▶ **What to work on**
Repeat nothing but the lines below running from the one containing "three people walking" to the one containing "Little girl playing in the room". Keep both end lines.

▶ **Scraped caption text data**
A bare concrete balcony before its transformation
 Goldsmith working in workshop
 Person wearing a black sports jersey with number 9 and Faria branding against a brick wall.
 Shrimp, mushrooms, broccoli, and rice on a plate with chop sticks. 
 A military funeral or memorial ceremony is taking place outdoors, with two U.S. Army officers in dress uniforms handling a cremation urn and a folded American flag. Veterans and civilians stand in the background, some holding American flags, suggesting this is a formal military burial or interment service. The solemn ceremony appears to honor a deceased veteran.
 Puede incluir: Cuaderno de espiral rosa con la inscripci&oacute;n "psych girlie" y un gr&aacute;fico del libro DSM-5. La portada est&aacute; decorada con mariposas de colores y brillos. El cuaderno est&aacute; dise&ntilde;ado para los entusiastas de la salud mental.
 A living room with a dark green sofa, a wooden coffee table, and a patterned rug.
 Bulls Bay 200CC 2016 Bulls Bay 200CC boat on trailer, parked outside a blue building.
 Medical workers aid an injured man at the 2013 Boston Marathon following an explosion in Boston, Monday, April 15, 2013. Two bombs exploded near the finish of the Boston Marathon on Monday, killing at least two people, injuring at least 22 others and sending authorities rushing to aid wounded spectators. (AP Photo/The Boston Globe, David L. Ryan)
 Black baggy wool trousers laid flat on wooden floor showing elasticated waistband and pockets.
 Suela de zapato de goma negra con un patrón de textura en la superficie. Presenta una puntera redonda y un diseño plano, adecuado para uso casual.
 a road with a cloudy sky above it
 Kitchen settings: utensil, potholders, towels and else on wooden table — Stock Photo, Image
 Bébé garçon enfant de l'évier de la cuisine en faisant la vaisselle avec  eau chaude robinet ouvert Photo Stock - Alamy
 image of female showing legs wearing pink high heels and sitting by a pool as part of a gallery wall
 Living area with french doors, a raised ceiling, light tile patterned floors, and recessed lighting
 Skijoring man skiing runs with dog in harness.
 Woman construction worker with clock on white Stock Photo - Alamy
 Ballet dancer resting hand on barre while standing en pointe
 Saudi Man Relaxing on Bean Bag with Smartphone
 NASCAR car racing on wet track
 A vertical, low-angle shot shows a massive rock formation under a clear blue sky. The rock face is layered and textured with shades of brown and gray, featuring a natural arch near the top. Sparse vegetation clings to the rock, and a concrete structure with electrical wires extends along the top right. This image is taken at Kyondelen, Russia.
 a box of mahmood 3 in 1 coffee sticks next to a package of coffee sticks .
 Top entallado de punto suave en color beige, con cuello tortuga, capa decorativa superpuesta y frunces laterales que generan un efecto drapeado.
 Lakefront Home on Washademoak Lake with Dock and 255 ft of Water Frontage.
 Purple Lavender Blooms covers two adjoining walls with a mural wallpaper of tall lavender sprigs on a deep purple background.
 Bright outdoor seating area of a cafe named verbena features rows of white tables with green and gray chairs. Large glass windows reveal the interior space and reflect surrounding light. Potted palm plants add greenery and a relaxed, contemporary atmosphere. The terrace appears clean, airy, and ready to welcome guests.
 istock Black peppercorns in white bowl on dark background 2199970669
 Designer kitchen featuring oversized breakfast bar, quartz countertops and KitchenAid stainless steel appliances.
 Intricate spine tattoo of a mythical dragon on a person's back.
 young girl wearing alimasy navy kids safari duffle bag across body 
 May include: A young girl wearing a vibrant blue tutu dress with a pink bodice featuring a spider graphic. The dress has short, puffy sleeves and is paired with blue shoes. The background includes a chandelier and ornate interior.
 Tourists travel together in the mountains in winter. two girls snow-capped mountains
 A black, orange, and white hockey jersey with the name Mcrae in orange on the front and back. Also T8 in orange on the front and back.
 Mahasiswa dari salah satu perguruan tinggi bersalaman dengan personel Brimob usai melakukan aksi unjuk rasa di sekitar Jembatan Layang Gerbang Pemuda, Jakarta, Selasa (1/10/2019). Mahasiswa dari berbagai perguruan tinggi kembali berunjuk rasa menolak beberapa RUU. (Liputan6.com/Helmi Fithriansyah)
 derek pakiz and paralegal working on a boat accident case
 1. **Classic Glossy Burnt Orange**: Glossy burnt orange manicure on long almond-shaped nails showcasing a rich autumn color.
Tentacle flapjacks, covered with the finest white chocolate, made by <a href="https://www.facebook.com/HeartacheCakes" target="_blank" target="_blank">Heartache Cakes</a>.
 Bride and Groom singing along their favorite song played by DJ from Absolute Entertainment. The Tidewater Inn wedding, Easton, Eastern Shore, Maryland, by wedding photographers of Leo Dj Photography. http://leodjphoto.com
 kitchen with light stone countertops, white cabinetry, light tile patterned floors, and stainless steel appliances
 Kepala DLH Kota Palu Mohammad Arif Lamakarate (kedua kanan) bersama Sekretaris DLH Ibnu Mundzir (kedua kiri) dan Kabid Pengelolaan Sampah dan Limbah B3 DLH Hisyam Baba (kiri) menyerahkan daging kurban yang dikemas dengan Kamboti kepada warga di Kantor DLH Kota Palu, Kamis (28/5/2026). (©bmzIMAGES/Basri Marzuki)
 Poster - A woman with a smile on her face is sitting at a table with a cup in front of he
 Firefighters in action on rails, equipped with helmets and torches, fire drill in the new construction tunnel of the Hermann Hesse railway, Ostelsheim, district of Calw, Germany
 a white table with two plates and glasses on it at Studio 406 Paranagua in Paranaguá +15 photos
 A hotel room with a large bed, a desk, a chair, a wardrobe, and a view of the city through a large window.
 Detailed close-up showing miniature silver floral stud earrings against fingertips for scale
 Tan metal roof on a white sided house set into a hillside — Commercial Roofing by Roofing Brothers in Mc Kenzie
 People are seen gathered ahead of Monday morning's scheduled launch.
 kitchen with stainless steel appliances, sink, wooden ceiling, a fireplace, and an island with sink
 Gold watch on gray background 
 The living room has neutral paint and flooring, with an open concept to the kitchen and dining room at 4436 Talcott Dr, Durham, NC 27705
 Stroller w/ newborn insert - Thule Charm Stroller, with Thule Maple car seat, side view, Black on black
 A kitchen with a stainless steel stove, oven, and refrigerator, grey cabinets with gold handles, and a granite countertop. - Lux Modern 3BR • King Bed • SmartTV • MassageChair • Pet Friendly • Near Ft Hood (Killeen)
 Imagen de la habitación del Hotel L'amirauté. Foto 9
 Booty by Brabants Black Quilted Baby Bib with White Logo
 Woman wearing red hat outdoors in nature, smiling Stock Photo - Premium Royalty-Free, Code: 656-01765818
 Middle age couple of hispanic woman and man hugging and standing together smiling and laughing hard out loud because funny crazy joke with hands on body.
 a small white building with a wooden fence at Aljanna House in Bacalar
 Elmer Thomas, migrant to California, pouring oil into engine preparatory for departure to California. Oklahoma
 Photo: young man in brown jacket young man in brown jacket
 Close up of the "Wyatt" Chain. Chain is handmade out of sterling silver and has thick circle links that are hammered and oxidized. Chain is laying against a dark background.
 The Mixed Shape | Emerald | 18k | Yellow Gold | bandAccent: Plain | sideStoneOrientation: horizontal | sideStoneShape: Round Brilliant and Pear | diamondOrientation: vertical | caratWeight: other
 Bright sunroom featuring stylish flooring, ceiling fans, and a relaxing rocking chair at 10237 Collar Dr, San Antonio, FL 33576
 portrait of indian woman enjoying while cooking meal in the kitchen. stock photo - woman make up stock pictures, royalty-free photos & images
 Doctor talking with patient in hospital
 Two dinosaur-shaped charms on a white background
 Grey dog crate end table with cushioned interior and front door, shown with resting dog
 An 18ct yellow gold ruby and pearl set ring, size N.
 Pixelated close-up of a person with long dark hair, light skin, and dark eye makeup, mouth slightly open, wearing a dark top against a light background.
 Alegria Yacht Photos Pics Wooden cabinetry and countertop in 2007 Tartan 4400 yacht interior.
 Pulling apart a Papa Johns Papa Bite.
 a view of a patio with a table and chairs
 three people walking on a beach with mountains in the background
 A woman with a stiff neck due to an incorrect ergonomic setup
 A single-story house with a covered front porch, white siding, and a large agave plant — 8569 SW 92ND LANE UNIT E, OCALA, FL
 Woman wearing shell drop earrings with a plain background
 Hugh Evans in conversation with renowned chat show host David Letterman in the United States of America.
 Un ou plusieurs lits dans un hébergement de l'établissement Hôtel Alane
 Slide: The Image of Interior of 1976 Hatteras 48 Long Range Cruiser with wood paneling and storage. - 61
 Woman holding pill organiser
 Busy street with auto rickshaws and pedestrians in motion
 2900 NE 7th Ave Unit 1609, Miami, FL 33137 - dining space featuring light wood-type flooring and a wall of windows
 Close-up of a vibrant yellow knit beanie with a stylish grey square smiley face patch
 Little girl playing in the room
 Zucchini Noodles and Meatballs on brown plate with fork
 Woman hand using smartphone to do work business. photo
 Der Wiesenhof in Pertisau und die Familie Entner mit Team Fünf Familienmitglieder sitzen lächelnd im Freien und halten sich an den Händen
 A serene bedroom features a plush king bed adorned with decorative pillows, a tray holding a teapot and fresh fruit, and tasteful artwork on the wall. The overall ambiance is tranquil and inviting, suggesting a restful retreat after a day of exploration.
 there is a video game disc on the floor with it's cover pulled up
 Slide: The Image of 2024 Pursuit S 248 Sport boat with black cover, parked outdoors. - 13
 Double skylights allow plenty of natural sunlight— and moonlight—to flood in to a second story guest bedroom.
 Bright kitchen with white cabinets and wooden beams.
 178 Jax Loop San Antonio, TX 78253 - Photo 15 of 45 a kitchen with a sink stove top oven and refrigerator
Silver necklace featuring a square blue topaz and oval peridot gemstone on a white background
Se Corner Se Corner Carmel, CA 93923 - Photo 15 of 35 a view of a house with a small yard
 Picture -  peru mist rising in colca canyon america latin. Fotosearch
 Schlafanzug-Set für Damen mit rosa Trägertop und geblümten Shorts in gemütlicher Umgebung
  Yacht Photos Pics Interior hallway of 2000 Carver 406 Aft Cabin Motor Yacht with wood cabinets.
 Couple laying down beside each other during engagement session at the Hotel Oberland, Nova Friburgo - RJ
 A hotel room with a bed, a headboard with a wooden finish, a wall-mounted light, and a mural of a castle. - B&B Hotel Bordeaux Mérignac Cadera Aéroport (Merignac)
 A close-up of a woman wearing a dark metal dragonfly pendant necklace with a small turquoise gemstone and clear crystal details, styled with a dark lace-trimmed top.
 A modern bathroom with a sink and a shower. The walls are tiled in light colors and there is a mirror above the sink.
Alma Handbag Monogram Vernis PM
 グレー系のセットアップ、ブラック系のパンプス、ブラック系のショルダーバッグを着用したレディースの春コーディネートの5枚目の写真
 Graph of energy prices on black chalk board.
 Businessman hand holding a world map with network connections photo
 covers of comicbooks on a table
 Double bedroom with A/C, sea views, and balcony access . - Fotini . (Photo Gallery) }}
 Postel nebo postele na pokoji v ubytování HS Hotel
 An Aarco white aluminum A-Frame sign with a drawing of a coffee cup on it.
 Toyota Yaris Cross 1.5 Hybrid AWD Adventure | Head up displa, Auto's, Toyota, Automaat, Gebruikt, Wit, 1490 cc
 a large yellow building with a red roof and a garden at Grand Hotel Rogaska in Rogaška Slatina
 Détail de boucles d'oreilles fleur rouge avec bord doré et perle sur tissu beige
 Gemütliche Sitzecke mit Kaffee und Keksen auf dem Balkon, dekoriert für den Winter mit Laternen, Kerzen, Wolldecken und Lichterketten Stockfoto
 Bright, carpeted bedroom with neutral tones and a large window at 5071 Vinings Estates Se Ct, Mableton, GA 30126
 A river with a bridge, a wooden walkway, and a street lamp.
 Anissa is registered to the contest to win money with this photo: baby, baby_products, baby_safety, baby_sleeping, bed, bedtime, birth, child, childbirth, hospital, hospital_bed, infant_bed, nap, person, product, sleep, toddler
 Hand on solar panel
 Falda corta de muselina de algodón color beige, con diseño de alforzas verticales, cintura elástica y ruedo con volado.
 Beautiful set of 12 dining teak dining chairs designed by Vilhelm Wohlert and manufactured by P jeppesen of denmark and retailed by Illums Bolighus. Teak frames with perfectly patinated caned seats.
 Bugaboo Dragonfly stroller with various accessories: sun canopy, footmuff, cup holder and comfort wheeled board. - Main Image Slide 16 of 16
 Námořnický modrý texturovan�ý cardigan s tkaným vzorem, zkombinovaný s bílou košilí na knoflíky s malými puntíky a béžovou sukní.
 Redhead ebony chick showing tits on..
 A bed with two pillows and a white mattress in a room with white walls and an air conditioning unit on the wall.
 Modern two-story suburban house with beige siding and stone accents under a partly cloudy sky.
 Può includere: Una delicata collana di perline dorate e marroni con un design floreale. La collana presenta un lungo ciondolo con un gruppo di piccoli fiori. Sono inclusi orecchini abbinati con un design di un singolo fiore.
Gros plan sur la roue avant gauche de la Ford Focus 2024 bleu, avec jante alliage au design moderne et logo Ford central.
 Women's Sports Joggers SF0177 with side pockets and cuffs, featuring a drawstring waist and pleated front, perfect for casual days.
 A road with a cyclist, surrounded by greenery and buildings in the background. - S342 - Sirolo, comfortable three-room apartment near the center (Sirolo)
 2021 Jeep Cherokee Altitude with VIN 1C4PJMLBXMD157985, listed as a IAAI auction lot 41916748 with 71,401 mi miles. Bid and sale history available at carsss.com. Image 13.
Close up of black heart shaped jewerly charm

▶ **Task answer**
 three people walking on a beach with mountains in the background
 A woman with a stiff neck due to an incorrect ergonomic setup
 A single-story house with a covered front porch, white siding, and a large agave plant — 8569 SW 92ND LANE UNIT E, OCALA, FL
 Woman wearing shell drop earrings with a plain background
 Hugh Evans in conversation with renowned chat show host David Letterman in the United States of America.
 Un ou plusieurs lits dans un hébergement de l'établissement Hôtel Alane
 Slide: The Image of Interior of 1976 Hatteras 48 Long Range Cruiser with wood paneling and storage. - 61
 Woman holding pill organiser
 Busy street with auto rickshaws and pedestrians in motion
 2900 NE 7th Ave Unit 1609, Miami, FL 33137 - dining space featuring light wood-type flooring and a wall of windows
 Close-up of a vibrant yellow knit beanie with a stylish grey square smiley face patch
 Little girl playing in the room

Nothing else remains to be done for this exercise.